Bruce LaBruce – It a drag, to be honest. The film was finished and we were halfway through post-production when the lockdown happened. We had to go on hiatus for two months but then in May and June we came back to finish it in post and had it done in time for Venice. In some ways we were incredibly lucky since Venice was the first festival that opened up a little bit since there was a lull in COVID numbers at the beginning of September. Even though it was complicated, me and my producer and the star of the film, Félix-Antoine, all went to Venice and there was a proper screening for the world premiere, with distanced audience and masks. So instead of like 900 people, there was like 350-400 people. I have a history with the Venice Film Festival – my film Gerontophilia premiered there and I was the president of the jury of Venice Days in 2016. But it was kind of weirdly deserted. There were no Americans there at all…
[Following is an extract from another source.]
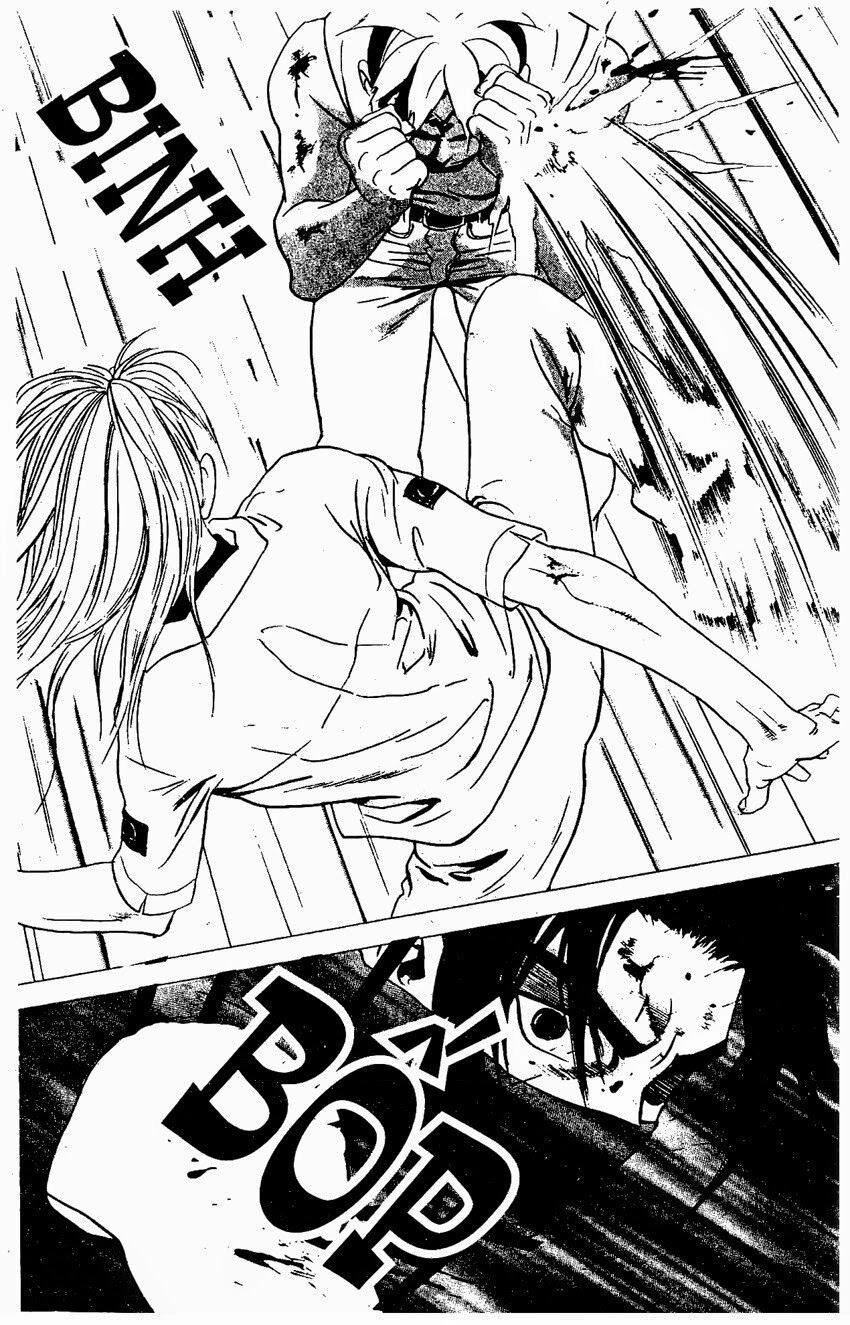 Ai Hơn Ai Chapter 105 - 5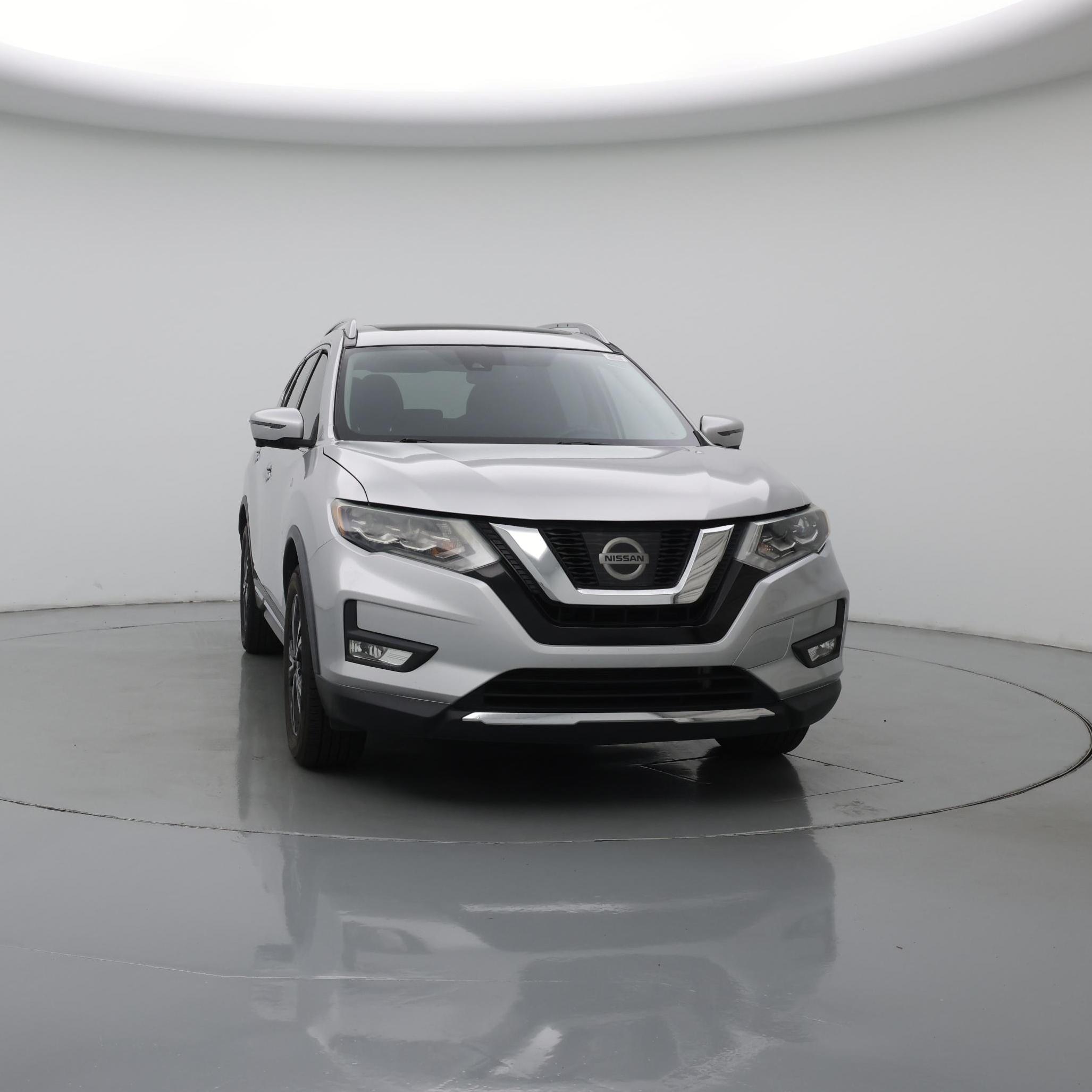 Thumbnail: 2017 Nissan Rogue - 5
ITS – Maybe that’s a good thing…

BLB – Well, the first night we had dinner and because the numbers were so low, the restaurants were all open, mostly outdoors. It was beautiful, it was 28 degrees and it was all al fresco dining. And right at the table next to us was Matt Dillon. So we thought, oh here’s someone from North America. But apparently he has a girlfriend that lives in Rome so he had just been staying there.

ITS – So that doesn’t really count.

BLB – Yeah exactly. And we were also the only fully-financed Canadian film there so the Canadian Ambassador to Italy came to our premiere from Rome and partied with us. Félix-Antoine is a TV star in Quebec but he’s never been in a feature film or at a major festival so I was really glad that he had that kind of glamourous experience and to see it on the big screen for the premiere. That was really special.
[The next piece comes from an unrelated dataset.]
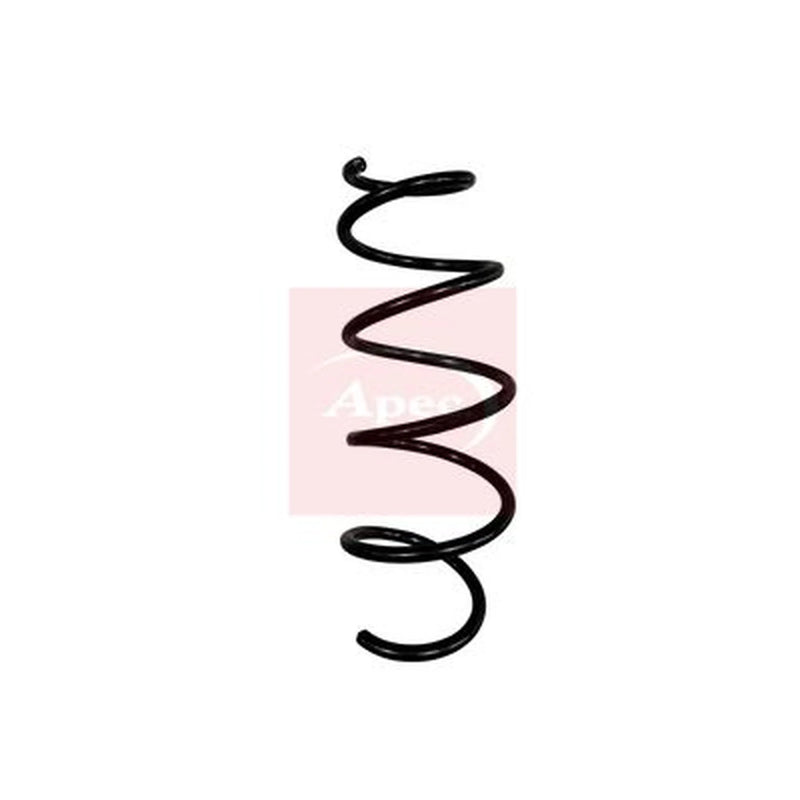 Apec Front Suspension Coil Spring ACS2101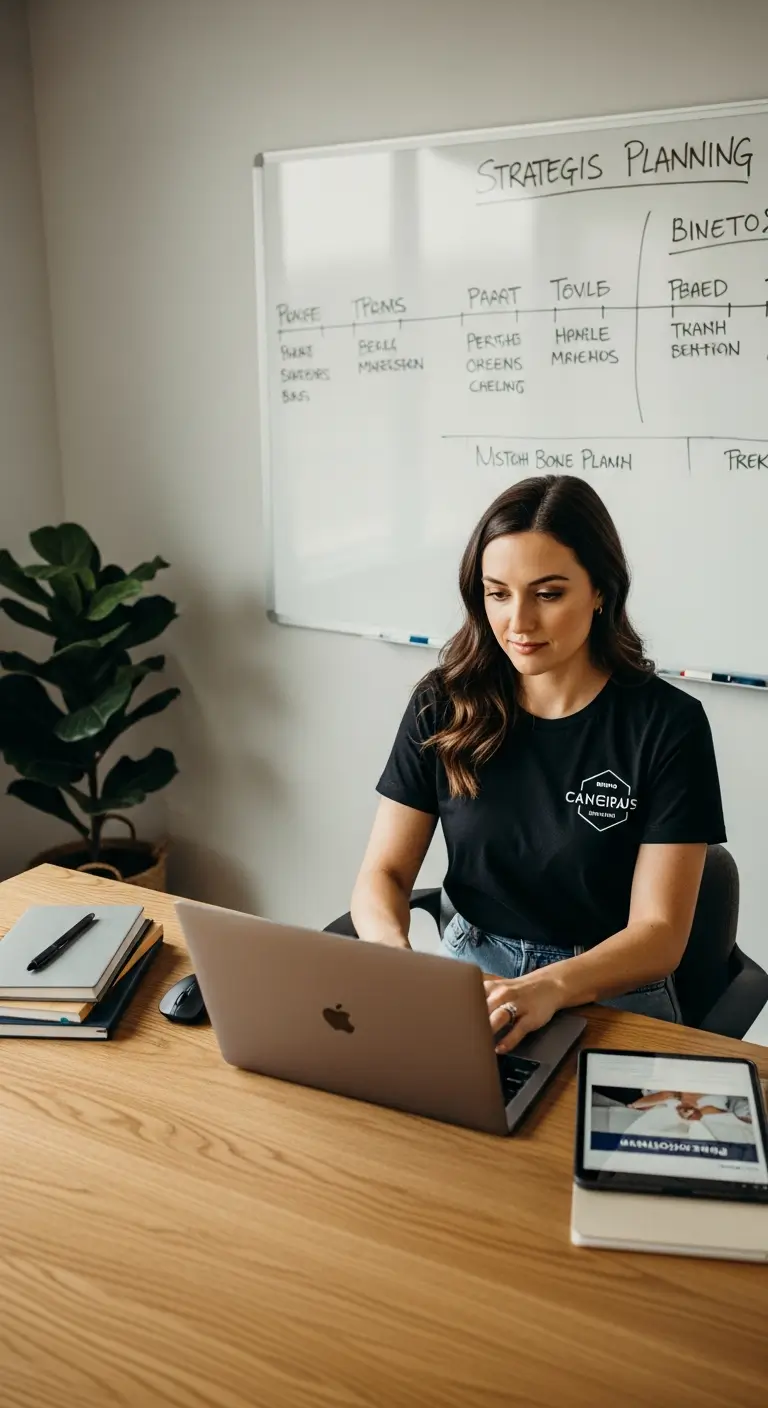 Illustration of concept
We had hoped to do the same thing when it premiered in Quebec at the Festival du nouveau cinéma but unfortunately it went virtual. It played at Sitges and it was an actual screening but I couldn’t go because of COVID. It’s playing at Busan in a couple of days so it is getting around. It’s kind of a mixed blessing in a way because there’s not that many films coming out. At least we weren’t interrupted during production.

ITS – I always thought the festival experience was really important for your films. I remember seeing L.A. Zombie at TIFF a decade or so ago and seeing the mix of people who were hardcore fans of yours and then people who maybe thought they were just going to see a horror movie and those reactions.
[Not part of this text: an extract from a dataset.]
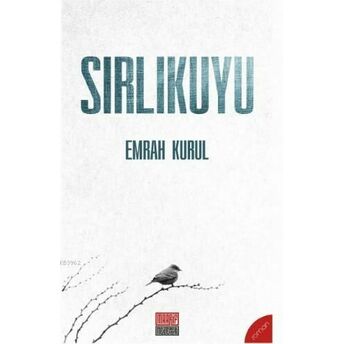 Sırlıkuyu Emrah Kurul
BLB – Yeah, the festival experience has been really crucial for me as my films don’t often get wide distribution. Sometimes, in certain countries, it’s the only chance people get to have to see it on the screen. I’ve used the festival circuit as an opportunity to travel too. Back in the day, with Hustler White or The Raspberry Reich, I would spend a year and a half or two years on the festival circuit just travelling around all over the place. Also what I really miss is that I often get invited to smaller queer film festivals in unexpected places – last year I went to Lima, Peru and Santiago, Chile and Belgrade, Serbia which are kind of my favorites because in those countries, the queer scenes are still nascent. They’re still developing and there’s still a lot of queer liberation style energy which is exciting.

ITS – Focusing on Saint-Narcisse and specifically on your lead, Félix – he has such a striking look for this film, as a lot of your actors do. What were you looking for in your cast here?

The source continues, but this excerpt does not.